If you can make a $10,000 bet, you are most likely part of the 1%. If you make a $10,000 bet in front of millions of Americans while running for president, you must be out of touch with reality and not realize that 99% is more than 1% on election night.
If Americans end up voting for the guy who made this $10,000 bet, even if merely to prove a point, we would deserve who and what we get. This wager paints a picture of a candidate out of touch with many of the problems Americans face today. Increasing income inequality is one of the hottest political footballs for 2012 and Romney seemed to throw an interception with this one. Americans will not trust their middle class pensions, college funds, and retirement accounts to a politician who makes casual $10,000 bets on national television.
I take no issue with a little friendly wagering. In fact, I think that making a few friendly wagers with your buddies on football games can take your mind off the pile of bills, the mounting credit card debt, and your dwindling bank account. However, for a presidential candidate to make a wager with another presidential candidate while millions of Americans are losing their jobs, homes, pensions, and their health care seems just a bit out of touch. Even if presidential candidates are wealthy, and many of them are, they still need to act as if they empathize with the 99%.

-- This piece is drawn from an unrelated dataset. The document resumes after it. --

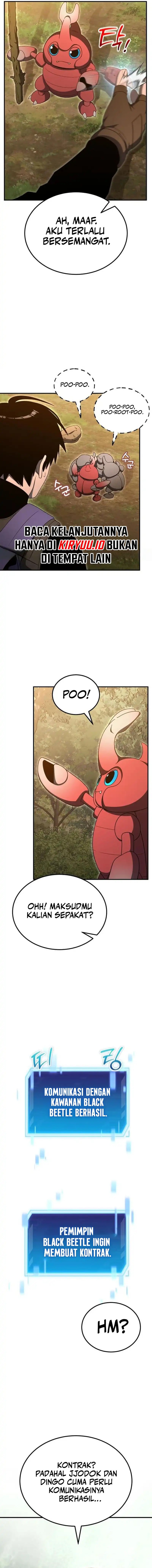 The Apocalypse’s Ultimate Veteran Chapter 24 Bahasa Indonesia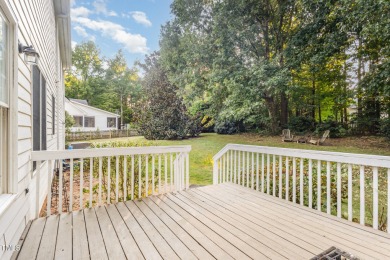Welcome to 4924 Gable Ridge Lane in the highly sought-after on Devils Ridge Golf Club in North Carolina - for sale on GolfHomes.com, golf home, golf lot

When Romney challenged Perry on a dispute over his healthcare record and where he stood on the individual mandate, it set a precedent for presidential debates. Candidates can act like mischevious billionaires at a country club and remain in the race for the White House. Yes, the bar is now mighty low. It also further lent credence to the notion that these Republican presidential debates were not very presidential and that the exclusive Republicans candidates club was even more exclusive than originally thought.

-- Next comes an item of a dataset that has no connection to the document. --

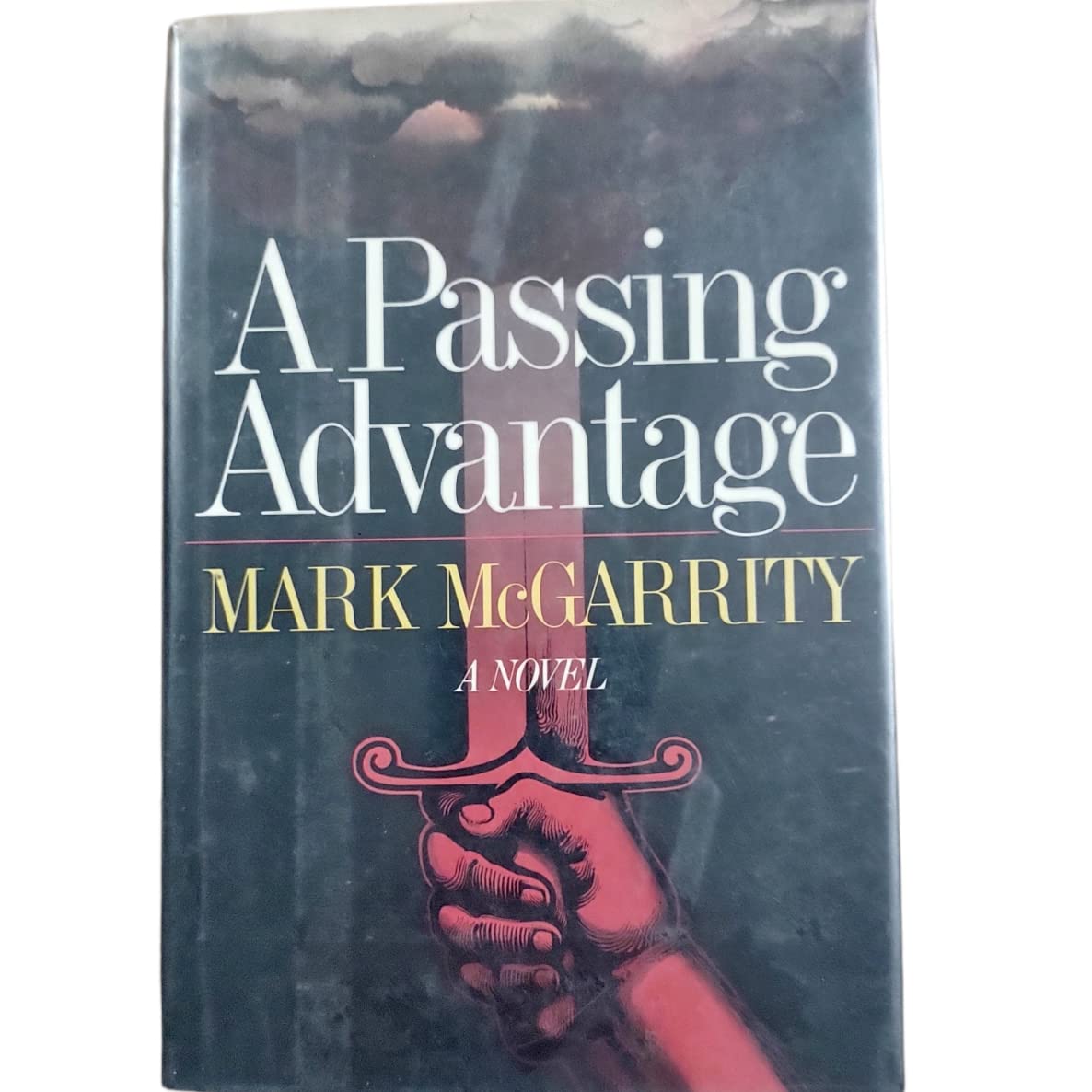 Cover of A Passing Advantage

If you are a Democrat, you must be jumping for joy every time a Republican candidate opens his mouth. If you are a Republican, you are mostly likely cringing every time a Republican candidate has a microphone in front of his or her face. According to the Gallup Daily, Obama's approval rating currently stands at 41%. With the Republican field lacking any credible candidates, the president's rating could fall even further below the 50/50 line, and he will still win another four years of room and board at the White House.
At least Newt Gingrich has sense enough not to bet large sums of money with his fellow rich Republican candidates on television while millions of Americans struggle to find enough money to put food on the table and a roof over their heads.
Hey Romney, let‘s wager $10 - only $10 because I’m part of the 99% and $10,000 would wipe out my measly retirement account. What’s the bet, you ask? I’ll bet dollars to donuts and a crumpled 10 that you won’t be moving into the White House next year.